The wrong product can cause severe illness and even death when used on cats.

Check out these tips on how to keep your cat safe from flea/tick prevention toxicity!

The most common ingredient in flea and tick prevention products is pyrethrin, an insecticide that is used to repel fleas and other insects, as well as to repel insects from food plants.

Cats are much more sensitive than dogs are to pyrethrins because they’re unable to break down these agents quickly and efficiently due to their peculiar liver metabolism.  Because the level of pyrethrins will be higher in a flea repellent for dogs, cats will commonly fall ill after being treated with a flea or tick product that was made for dogs. 

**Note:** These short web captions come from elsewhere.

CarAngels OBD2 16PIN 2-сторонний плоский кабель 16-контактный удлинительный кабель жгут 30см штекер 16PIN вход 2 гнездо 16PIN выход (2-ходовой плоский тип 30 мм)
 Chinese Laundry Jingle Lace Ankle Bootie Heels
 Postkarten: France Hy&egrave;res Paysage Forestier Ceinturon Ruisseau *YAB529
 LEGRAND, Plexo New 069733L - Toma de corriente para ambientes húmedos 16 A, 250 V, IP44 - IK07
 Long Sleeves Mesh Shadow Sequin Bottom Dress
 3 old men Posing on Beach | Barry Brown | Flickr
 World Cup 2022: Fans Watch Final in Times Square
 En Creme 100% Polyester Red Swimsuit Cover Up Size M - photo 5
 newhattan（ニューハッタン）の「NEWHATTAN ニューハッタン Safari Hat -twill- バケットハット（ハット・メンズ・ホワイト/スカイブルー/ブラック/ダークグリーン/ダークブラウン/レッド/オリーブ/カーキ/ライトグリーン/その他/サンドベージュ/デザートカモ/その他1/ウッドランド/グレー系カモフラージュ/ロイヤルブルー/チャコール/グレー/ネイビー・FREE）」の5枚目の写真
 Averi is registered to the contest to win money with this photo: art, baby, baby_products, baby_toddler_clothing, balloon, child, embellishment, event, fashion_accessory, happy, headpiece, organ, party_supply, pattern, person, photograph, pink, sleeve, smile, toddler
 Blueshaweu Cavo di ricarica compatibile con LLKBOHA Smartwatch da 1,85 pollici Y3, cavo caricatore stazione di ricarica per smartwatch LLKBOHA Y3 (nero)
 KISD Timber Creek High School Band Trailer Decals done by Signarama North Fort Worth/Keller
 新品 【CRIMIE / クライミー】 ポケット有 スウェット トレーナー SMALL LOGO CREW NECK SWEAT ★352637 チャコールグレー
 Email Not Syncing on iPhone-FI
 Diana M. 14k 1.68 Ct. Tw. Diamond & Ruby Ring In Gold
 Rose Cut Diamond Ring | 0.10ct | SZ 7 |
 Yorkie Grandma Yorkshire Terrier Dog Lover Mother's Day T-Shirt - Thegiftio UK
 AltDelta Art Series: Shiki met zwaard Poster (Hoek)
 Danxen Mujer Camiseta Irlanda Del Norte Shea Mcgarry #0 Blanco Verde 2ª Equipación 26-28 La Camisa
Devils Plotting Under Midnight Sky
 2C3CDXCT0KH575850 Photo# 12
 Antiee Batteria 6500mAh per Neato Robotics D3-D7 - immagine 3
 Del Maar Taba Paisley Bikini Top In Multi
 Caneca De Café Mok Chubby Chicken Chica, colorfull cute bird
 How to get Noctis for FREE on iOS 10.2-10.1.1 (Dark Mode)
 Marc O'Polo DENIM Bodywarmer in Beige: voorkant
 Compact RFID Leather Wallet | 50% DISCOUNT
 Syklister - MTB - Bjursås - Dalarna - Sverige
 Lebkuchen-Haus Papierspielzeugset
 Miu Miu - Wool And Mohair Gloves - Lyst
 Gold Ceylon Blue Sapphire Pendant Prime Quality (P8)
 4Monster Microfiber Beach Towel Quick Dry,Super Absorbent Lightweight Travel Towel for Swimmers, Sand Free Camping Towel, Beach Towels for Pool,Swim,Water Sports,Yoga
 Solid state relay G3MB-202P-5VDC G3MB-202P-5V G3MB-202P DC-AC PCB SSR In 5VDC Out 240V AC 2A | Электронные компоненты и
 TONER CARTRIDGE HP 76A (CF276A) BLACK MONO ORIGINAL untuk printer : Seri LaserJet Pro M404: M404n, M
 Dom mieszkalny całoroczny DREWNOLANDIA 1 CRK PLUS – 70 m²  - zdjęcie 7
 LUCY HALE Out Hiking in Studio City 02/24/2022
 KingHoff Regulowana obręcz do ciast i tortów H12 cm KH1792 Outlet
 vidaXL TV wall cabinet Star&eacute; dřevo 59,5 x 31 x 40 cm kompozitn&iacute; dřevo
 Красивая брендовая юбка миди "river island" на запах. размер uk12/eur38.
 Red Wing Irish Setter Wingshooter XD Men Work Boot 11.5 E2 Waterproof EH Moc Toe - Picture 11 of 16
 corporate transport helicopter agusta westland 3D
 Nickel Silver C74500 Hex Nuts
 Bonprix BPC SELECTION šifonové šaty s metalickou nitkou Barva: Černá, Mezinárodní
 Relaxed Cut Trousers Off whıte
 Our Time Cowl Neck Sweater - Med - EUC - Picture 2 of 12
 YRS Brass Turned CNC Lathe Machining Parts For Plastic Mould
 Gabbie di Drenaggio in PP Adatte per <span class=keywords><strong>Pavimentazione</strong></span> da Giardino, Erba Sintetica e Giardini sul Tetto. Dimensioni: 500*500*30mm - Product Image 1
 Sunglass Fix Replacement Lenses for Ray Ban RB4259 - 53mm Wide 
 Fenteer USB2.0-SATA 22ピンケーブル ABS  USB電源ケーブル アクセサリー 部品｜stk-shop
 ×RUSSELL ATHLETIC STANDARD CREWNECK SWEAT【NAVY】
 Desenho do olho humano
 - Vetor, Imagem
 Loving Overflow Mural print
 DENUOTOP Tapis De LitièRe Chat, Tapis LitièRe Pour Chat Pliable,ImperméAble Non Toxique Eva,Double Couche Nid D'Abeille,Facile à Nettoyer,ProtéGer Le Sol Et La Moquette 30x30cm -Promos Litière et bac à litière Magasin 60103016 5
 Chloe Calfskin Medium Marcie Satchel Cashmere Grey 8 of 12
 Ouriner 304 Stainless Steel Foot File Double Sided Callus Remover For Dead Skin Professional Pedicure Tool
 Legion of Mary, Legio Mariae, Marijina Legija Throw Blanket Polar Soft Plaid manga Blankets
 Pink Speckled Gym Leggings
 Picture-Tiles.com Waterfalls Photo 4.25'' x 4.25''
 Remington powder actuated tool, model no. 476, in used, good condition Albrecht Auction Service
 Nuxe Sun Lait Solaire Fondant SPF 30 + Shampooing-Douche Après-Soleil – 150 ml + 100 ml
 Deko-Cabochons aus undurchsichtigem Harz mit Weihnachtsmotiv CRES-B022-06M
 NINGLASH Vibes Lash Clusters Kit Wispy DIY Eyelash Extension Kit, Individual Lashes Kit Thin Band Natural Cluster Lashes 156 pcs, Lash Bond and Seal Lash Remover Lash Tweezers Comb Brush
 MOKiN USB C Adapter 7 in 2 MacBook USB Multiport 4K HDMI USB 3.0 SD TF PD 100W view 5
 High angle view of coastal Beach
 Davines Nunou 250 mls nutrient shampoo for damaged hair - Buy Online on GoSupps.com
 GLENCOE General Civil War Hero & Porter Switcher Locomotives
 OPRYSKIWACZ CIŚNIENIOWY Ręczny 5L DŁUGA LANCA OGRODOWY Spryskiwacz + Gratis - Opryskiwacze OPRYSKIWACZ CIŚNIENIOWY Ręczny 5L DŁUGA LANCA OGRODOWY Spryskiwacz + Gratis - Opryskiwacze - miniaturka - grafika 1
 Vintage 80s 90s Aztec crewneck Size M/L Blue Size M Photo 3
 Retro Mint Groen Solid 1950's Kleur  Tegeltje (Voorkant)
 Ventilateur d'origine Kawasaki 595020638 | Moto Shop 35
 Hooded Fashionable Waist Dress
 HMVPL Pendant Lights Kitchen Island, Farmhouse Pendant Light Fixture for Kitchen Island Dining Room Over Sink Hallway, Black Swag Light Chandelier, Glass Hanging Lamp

Unfortunately, toxicity most commonly occurs as a result of owner error, particularly by applying a product that was formulated for a different species.  The synthetic versions of pyrethrin have an even higher incidence of toxicity for cats when used improperly (the toxicity risks also increase for humans).  Users can distinguish other synthetic pyrethroids in insecticide products by looking for ingredients that end in “thrin” in the ingredient list.

Signs of Flea Product Toxicity in Cats: What to Watch For

Signs of pyrethrin toxicity in cats are serious and life-threatening and can include all or any of the following listed. Any signs warrant an immediate visit to the veterinarian for further treatment.

  • Shaking/Twitching/Tremors
  • Seizures
  • Incoordination or difficulty jumping, standing or walking
  • Excessive salivation/drooling
  • Agitation or restlessness
  • Vomiting
  • Hiding
  • Dyspnea (difficulty breathing)
  • Hypothermia or hyperthermia

Prevention of Flea Product Toxciity

  • Prevention is simple – Only use cat products on cats. Use the appropriate weight range for your cat. Do not use part of a larger size, or more than one smaller size, flea and tick preventative, as this may result in a poisoning. NEVER apply a “small dog” flea and tick medication to a cat.
  • Keep your cat separate from any dogs that have been treated for 12 to 24 hours. This allows the product to dry thoroughly. When in doubt, a t-shirt can be applied to your dog to prevent accidental exposure to your cat until the product is dried.
  • Never use a product on a pet that’s not intended to be used on animals!
  • Only use products recommended by our clinic.

Call us at the Granville Veterinary Clinic at 740-587-1129 or the Pet Poison Helpline at 1-855-213-6680 immediately to determine if your cat has been poisoned.  The sooner you seek treatment, the better the prognosis and outcome for your pet!  Pyrethrin toxicity is fatal for cats if not treated immediately.  If your cat is wearing a flea collar or other insect repelling device, remove it.  If you applied a topical product, your vet may recommend that you bathe the product off with Dawn® dishwashing soap (or similar) and immedialtey head toward our hospital or the MedVet Columbus emergency room.